— TASK STATEMENT —
Once the images are removed, set down everything else in the listing below exactly.

— INPUT RECORDS —

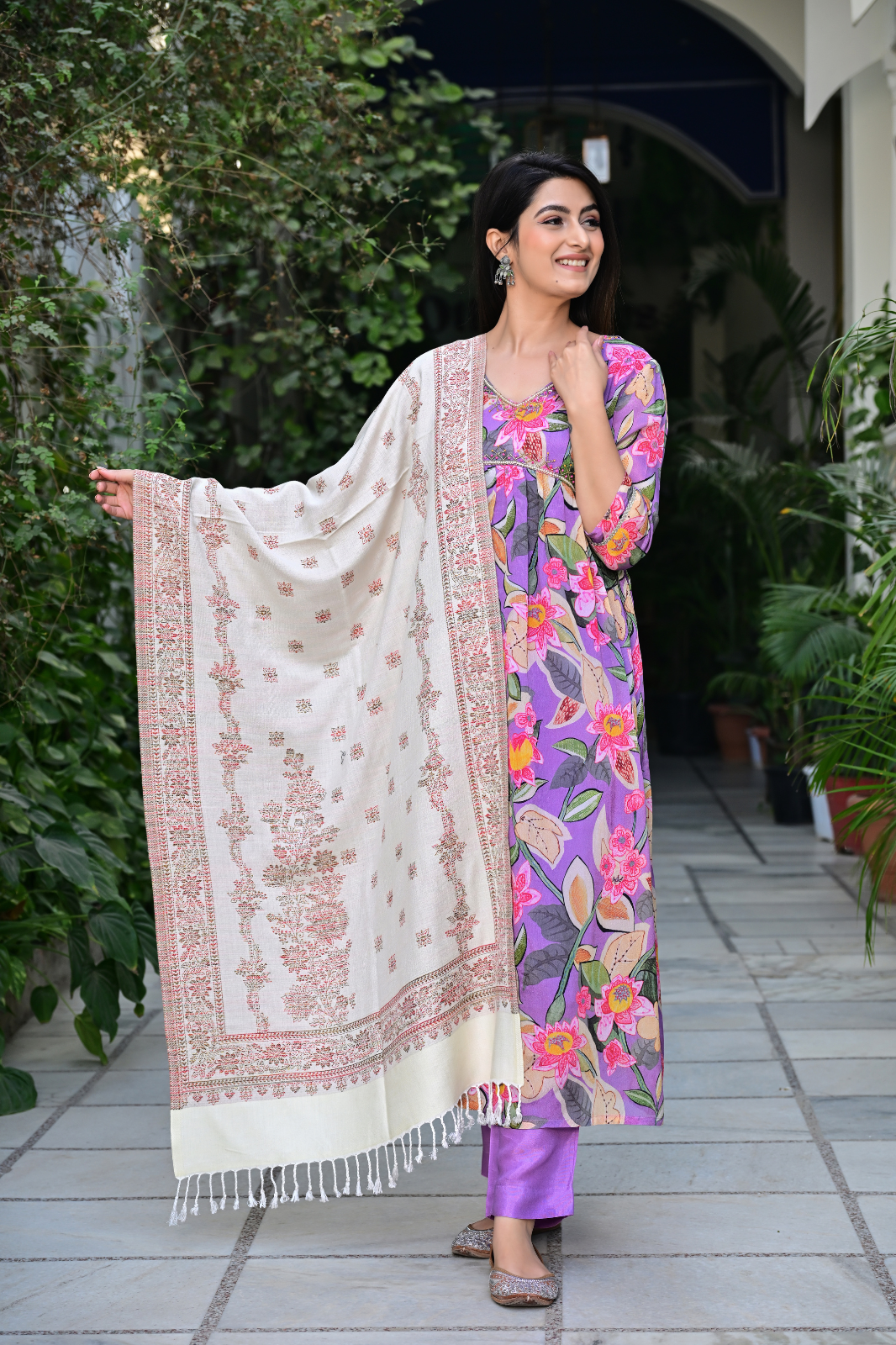 Warm & Luxurious Heritage-Inspired Artistic Woven Shawl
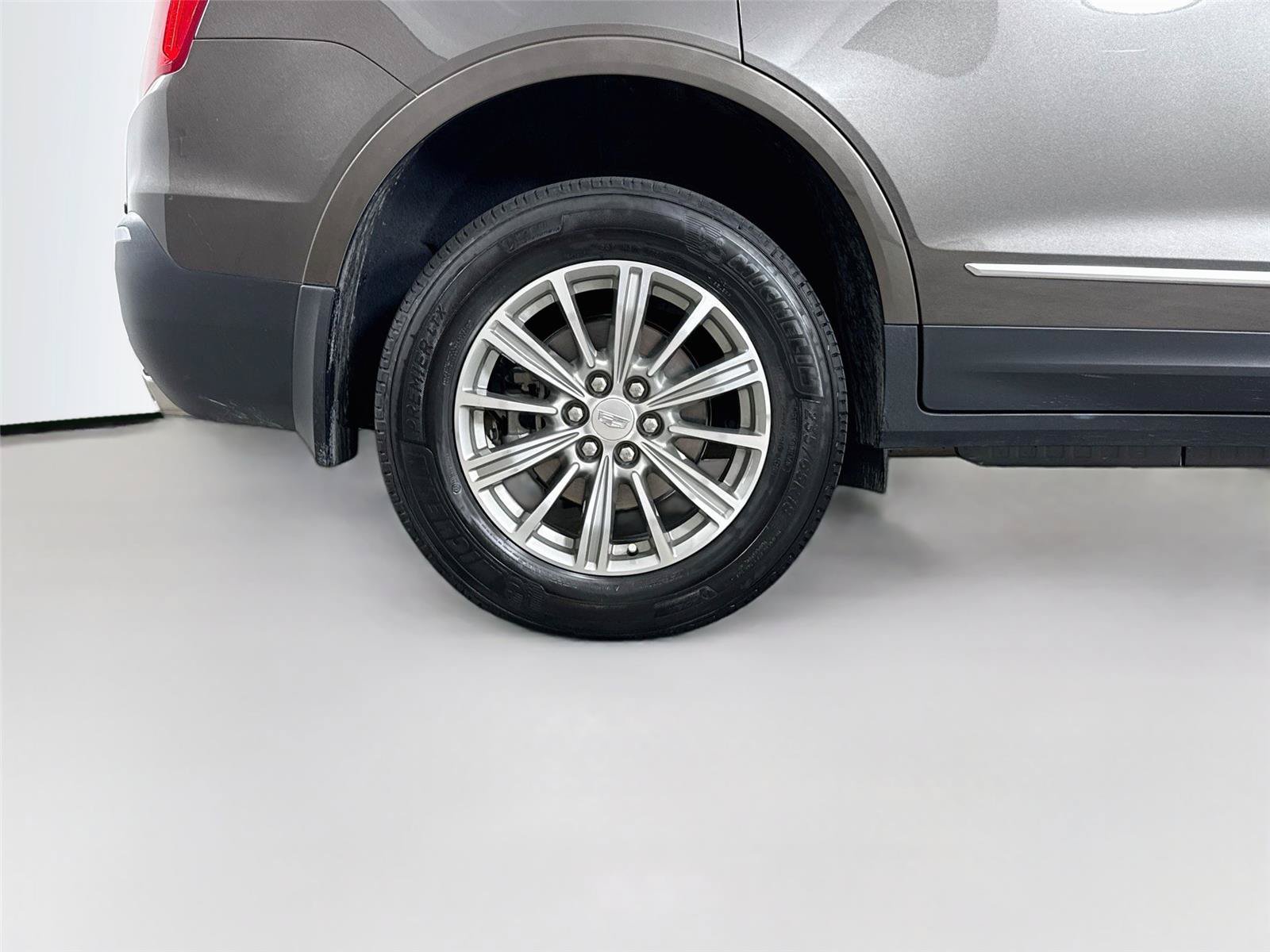 Used 2019 Cadillac XT5 Luxury FWD image 16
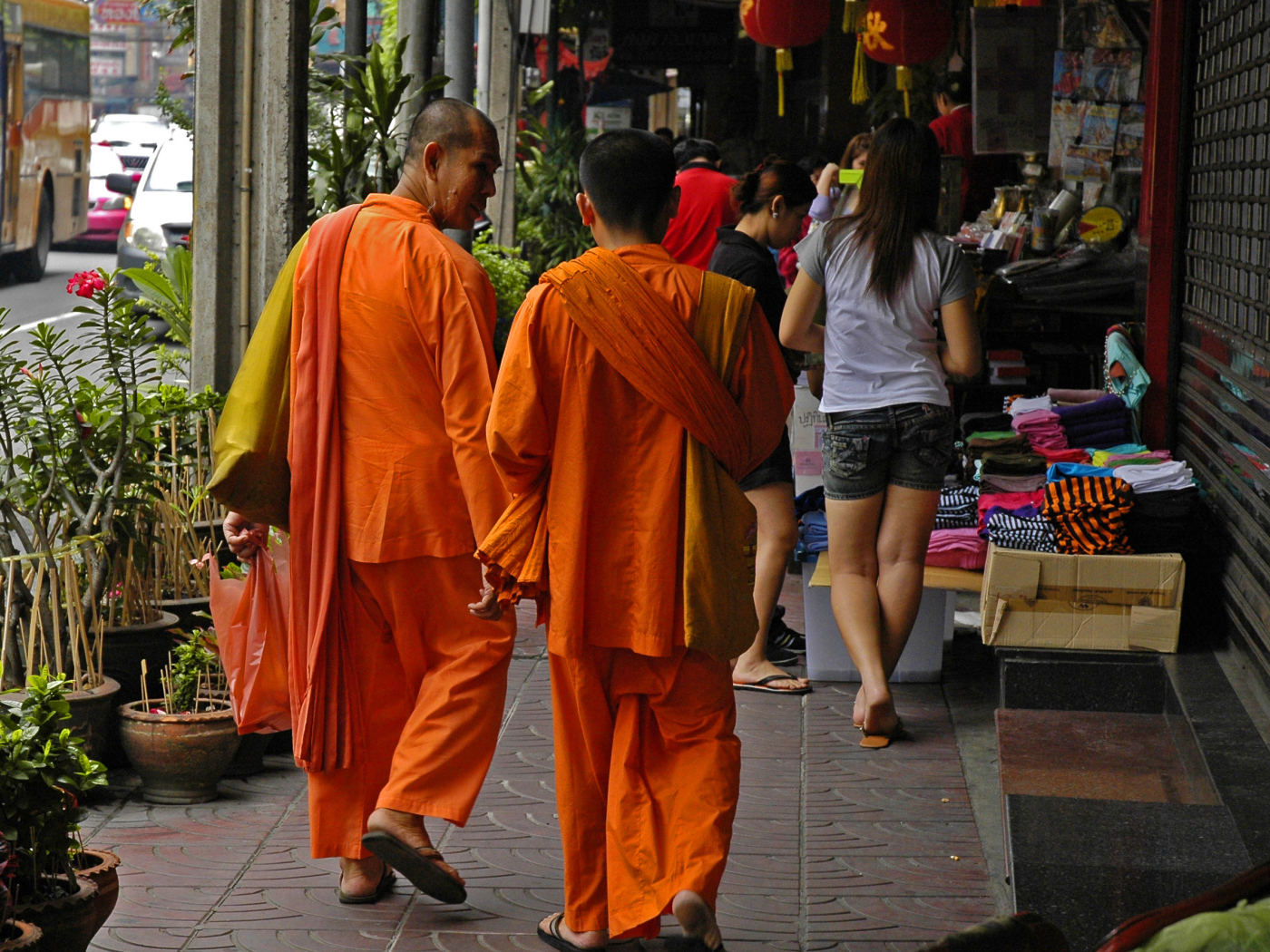 Буддийский монахи на улице в Бангкоке, Таиланд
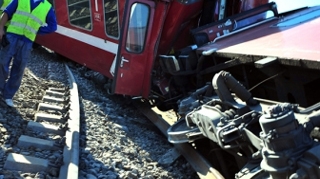 Patru persoane au murit dupa ce masina in care se aflau a fost lovita de un tren, la Iasi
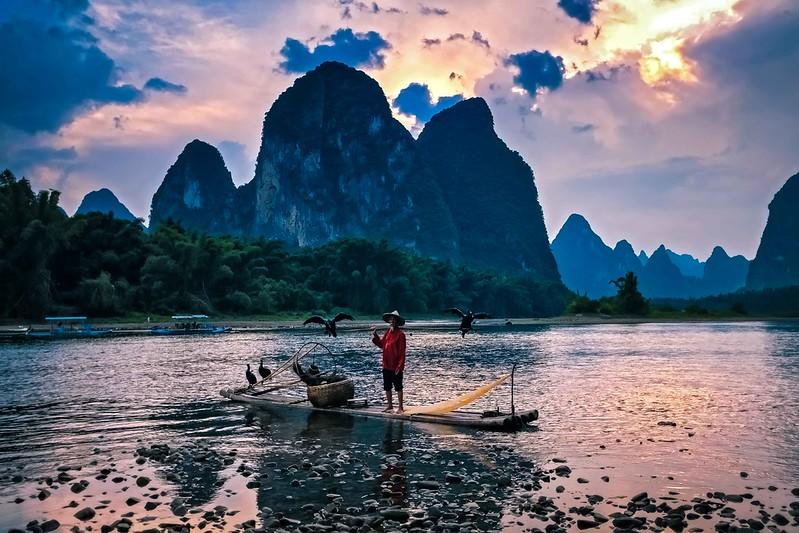 nauka chińskiego dzięki obrazom mentalnym, chińczyk stojący na łódce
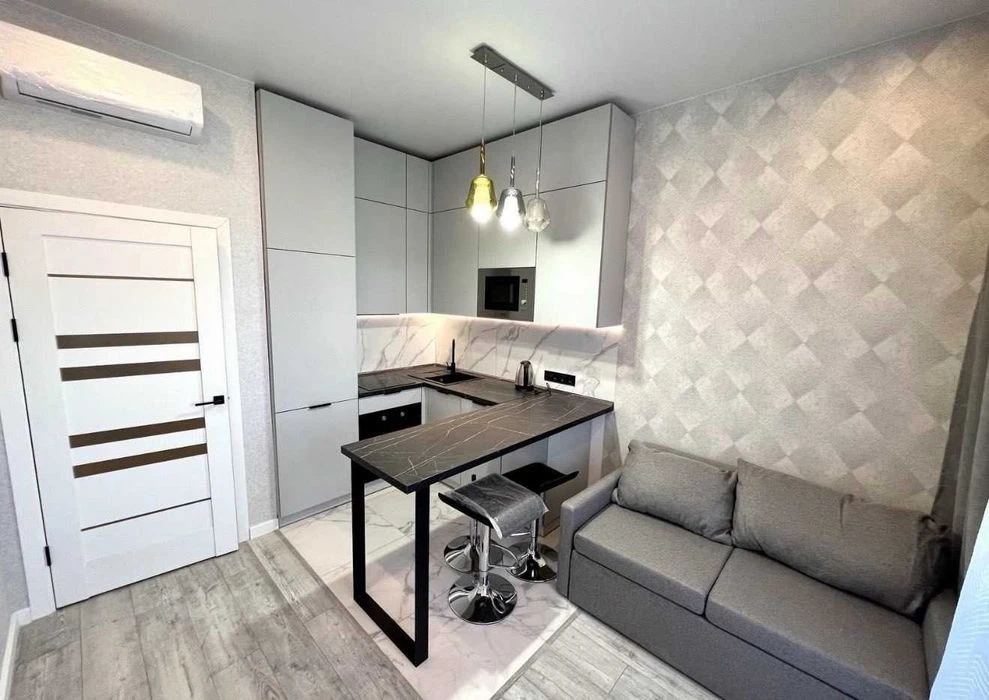 В продаже 2 ком. квартира с ремонтом. В хорошем месте у п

— RESPONSE AREA —
 Warm & Luxurious Heritage-Inspired Artistic Woven Shawl
 Used 2019 Cadillac XT5 Luxury FWD image 16
 Буддийский монахи на улице в Бангкоке, Таиланд
 Patru persoane au murit dupa ce masina in care se aflau a fost lovita de un tren, la Iasi
 nauka chińskiego dzięki obrazom mentalnym, chińczyk stojący na łódce
 В продаже 2 ком. квартира с ремонтом. В хорошем месте у п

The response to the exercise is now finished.